Cela ne concerne pas uniquement les produits interdits par la République islamique, comme l’alcool. Les produits électroniques, les appareils ménagers, les cigarettes, les pièces détachées pour voitures, les vêtements ou encore les compléments alimentaires sont également acheminés illégalement.

À travers le pays, des réseaux de contrebandiers se sont alors développés - avec pour chacun une zone géographique, une méthode, et des produits spécifiques.

Il y a d’abord les "shootis". À bord de voitures aux moteurs débridés et aux suspensions renforcées pour porter de lourdes charges, ils traversent le pays à toute vitesse pour livrer des biens de consommation de ville en ville. Sur Instagram, ils vantent leurs exploits dans des vidéos : certains filment le compteur de leur voiture atteindre les 200 km/h, d’autres révèlent leur technique pour distancier la police avec des machines à fumée ou des clous lancés sur la route.

"Ces gadgets marchent bien lors des contrôles ordinaires de police", explique un contrebandier à la rédaction des Observateurs de France 24. Mais si la police a organisé une opération de grande envergure, alors les gadgets ne seront d'aucune utilité.

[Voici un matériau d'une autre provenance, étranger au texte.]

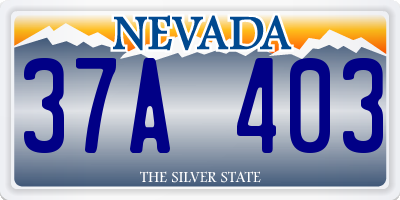 NV license plate 37A403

Quand les policiers utilisent plusieurs voitures, des hélicoptères, c’est impossible de s’en tirer".

Les témoignages de "koulbars" et de "soukhtbars"

Les "shootis" dissimulent leur identité en ligne et parlent rarement aux journalistes. L'équipe des Observateurs de France 24 est en contact avec trois d’entre eux depuis 2019. Dans cette émission, ils s’expriment, anonymement, sur leur mode de vie extrêmement risqué. 

L'équipe des Observateurs a également pu interroger deux autres contrebandiers parmi les "koulbars" et les "soukhtbars". Les premiers sont des Kurdes qui traversent la montagne depuis le Kurdistan irakien voisin avec des charges allant jusqu'à 70 kilos sur leur dos. Les seconds transportent du diesel à travers le désert, jusqu'au Pakistan.

Originaires de régions rurales, pauvres, dévastées par la sécheresse et souvent négligées par le gouvernement de Téhéran, les "koulbars" et les "soukhtbars" n’ont souvent pas d’autres options que la contrebande pour subvenir aux besoins de leurs familles. "Nous sommes payés environ 500 000 toman [15 €] par voyage", témoigne l’un d’entre eux. "J'ai gagné 32 millions de toman [1000 €] l'année dernière. Ce n'est pas beaucoup quand on a une famille de quatre personnes."